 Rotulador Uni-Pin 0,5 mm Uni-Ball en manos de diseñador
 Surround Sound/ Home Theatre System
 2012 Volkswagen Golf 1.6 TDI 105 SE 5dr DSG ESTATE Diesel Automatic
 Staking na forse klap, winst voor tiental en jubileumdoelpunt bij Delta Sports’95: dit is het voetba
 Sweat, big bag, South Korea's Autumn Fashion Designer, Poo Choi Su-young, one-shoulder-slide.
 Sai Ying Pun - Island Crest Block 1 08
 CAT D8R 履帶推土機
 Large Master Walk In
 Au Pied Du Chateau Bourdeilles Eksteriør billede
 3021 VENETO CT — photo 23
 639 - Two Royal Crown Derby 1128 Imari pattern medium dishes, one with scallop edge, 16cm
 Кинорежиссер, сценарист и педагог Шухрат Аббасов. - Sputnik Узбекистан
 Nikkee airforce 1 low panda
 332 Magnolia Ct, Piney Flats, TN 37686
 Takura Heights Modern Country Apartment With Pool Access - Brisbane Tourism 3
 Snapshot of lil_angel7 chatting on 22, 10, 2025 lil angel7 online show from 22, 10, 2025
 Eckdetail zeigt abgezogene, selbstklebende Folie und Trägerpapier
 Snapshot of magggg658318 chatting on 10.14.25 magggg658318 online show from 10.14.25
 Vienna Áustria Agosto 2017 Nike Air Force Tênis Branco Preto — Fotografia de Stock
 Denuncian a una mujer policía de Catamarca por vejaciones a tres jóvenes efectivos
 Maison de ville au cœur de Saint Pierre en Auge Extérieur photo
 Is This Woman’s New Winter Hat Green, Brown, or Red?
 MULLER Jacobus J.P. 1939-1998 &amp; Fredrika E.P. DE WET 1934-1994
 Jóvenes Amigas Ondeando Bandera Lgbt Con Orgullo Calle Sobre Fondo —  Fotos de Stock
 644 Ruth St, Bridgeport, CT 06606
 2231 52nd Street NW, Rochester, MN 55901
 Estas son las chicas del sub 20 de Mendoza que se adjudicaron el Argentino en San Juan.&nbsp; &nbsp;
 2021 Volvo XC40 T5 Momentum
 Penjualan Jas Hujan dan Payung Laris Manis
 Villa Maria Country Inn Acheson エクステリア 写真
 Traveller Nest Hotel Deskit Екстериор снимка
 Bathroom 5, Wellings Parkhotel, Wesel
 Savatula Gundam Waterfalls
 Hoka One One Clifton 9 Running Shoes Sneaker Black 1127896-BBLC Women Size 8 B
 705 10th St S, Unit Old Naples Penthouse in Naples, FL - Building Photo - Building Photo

** PROBLEM DETAILS **
Give back, unchanged, the run of lines in the listing above that begins at the line containing "Vienna Áustria Agosto" and ends at the line containing "Is This Woman’s", both included.

** SOLUTION FOR THIS TASK **
 Vienna Áustria Agosto 2017 Nike Air Force Tênis Branco Preto — Fotografia de Stock
 Denuncian a una mujer policía de Catamarca por vejaciones a tres jóvenes efectivos
 Maison de ville au cœur de Saint Pierre en Auge Extérieur photo
 Is This Woman’s New Winter Hat Green, Brown, or Red?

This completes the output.